Deductibility of interest
This is perhaps the single most important aspect of real estate investment tax planning. Substantial tax savings may be achieved if interest is deductible against both rental income and, if the interest exceeds the net rental income, against subsequent capital gains by virtue of carrying forward excess interest charges. However, the laws relating to the deductibility of interest against rental income are so diverse in various countries that one must be certain that the choice of entity chosen to acquire real estate permits the full deductibility of all interest charges.

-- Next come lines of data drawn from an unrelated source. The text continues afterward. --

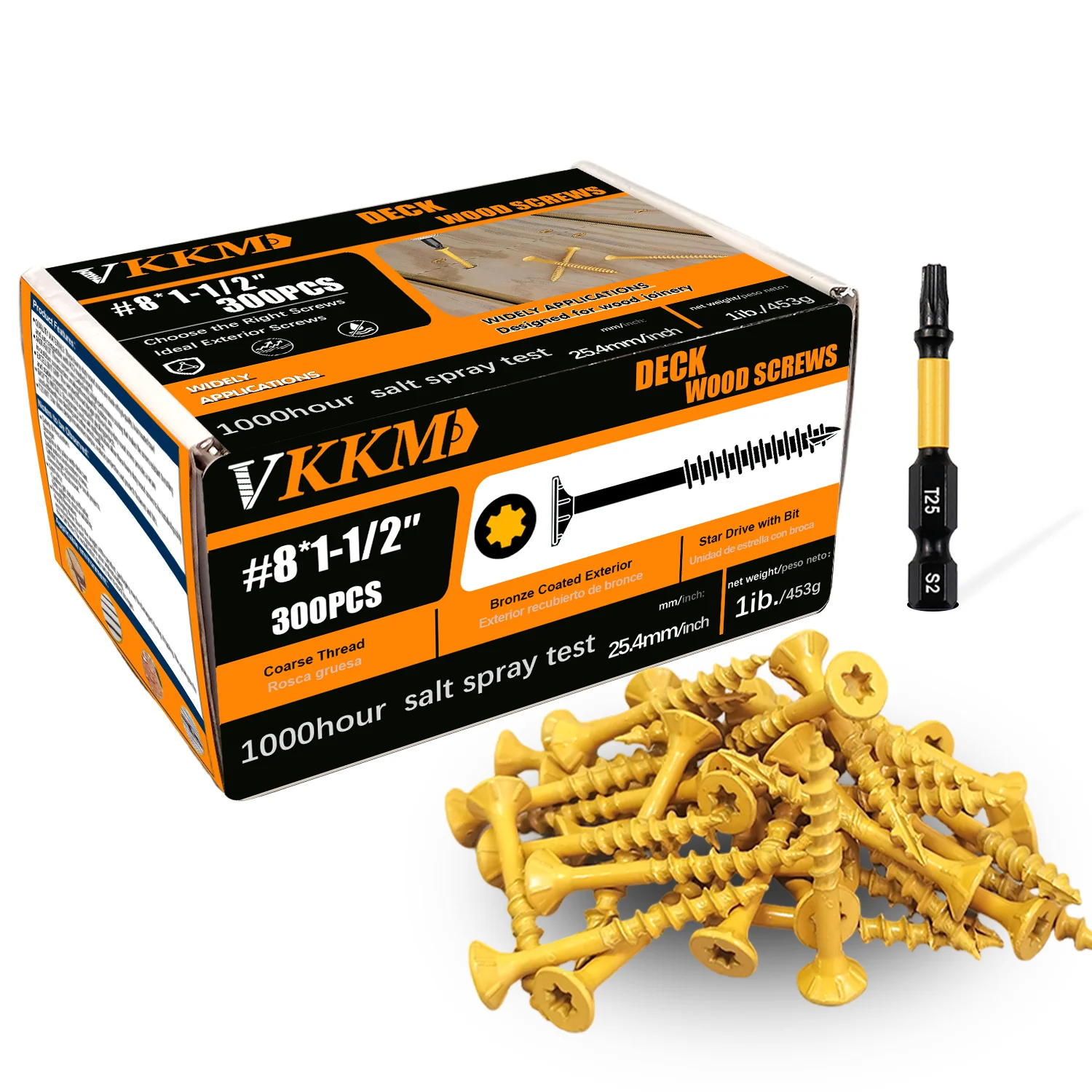 

Винты для палубы VKKM 1-1/2 дюйма, шурупы по дереву # 8*1-1/2 300 шт., антикоррозийное покрытие из эпоксидной смолы, включая привод Torx T25, желтый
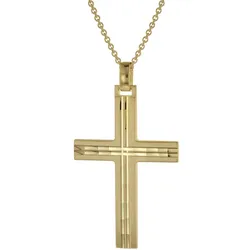 trendor 39022 Herren-Halskette mit Kreuz-Anhänger Gold auf Silber, 60 cm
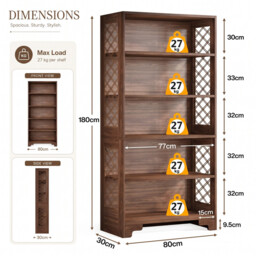 LANTINE Bookcase, 180 cm High Vintage Standing Shelf, 6 Tier Bookcase, Wooden Bookcase, with Open Display Shelves, for Living Room, Home Office, Industrial Design, Vintage Brown - thumbnail 3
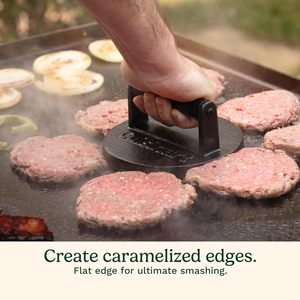 Prensa para Hamburguesas de Hierro Fundido Cuisinart de 6.5 Pulgadas, Resistente, Fácil de Limpiar, Herramienta para Asar Carne con Borde Plano, Hamburguesas Crujientes, Barbacoa, Fiestas al Aire Libre - Product Image 4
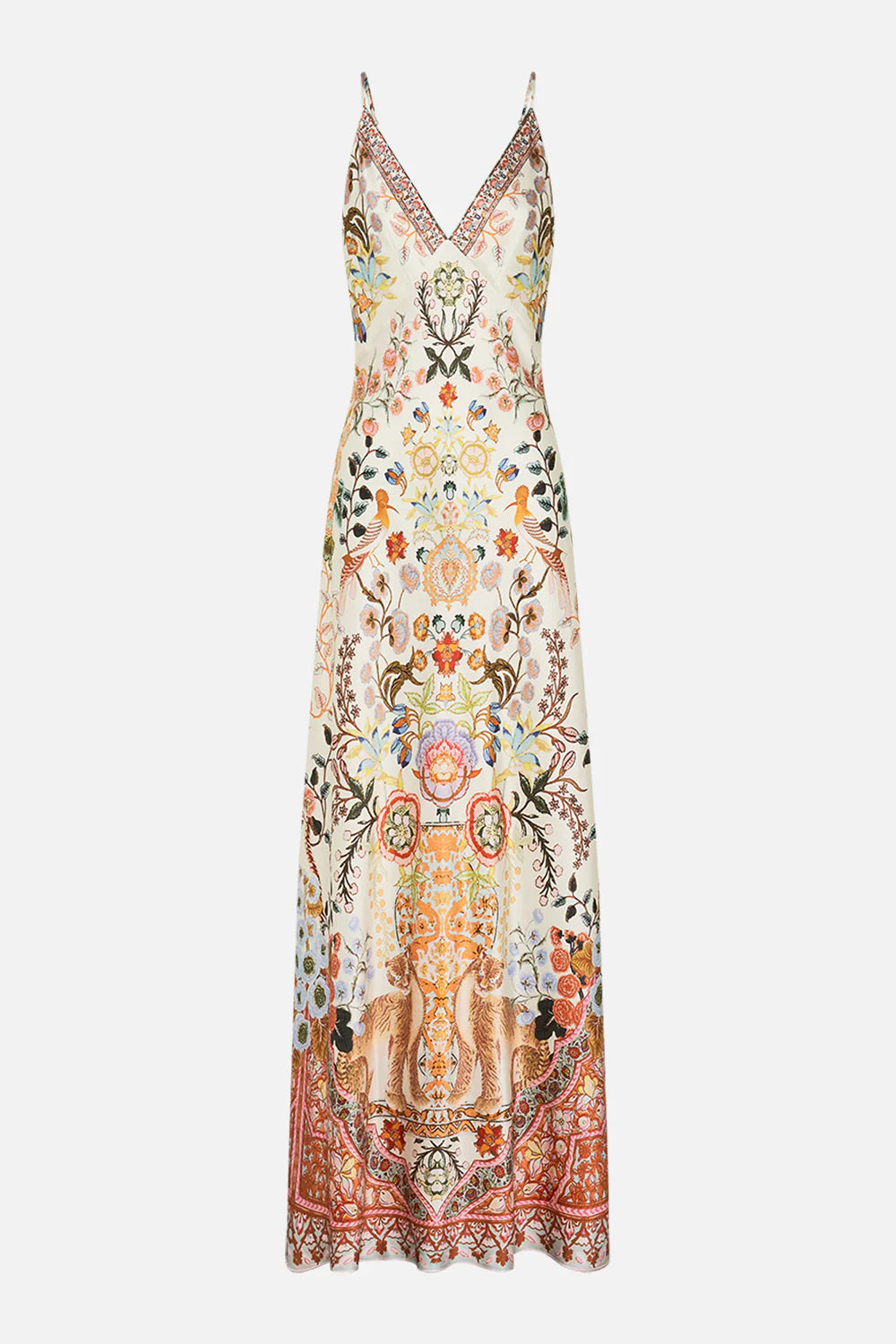 Camilla V Neck Long Bias Slip Dress With Train, In Honour Of Heirlooms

Where a foreign investor is borrowing funds to acquire the real estate but, for reasons given above, the investor decides to acquire the real estate indirectly through a domestic company, then it would generally be preferable for such company to borrow the funds direct rather than these funds being loaned to the foreign investor. This will, of course, not always be the case if the deductibility of interest cannot be assured at local level.

In many cases, however, the foreign investor will wish to utilise his own funds for real estate acquisitions, in which case it may be advisable to create a financing structure to which such funds are advanced for onlending to the acquiring entity. However, most interest attracts a local withholding tax at rates of between 20% and 25% (although the US rate is 30%), which will only be reduced if the interest is payable to an entity in a tax treaty jurisdiction, in which case the withholding tax is normally reduced to nil, or if the interest is exempt under unilateral law if paid to certain investors eg the portfolio interest exemption in the US. The choice of entity used for internal financing arrangements must therefore take into account relevant double tax treaties, and for this reason, Luxembourg and Holland are often used as ideal finance intermediaries, subject to limitation of benefits provisions in the relevant double tax treaties.

Capital Gains
Most countries levy capital gains tax on the realisation of gains made by non-residents from the acquisition of real estate investments. Even if there is a double tax treaty in existence with the investor’s country of residence, there would normally be provision enabling the capital gains still to be taxed locally. Thus Article 13 of the Model OECD Treaty states that gains derived by a resident of a Contracting State from the alienation of immovable property referred to in Article 6 and situated in the other Contracting State may be taxed in that other State.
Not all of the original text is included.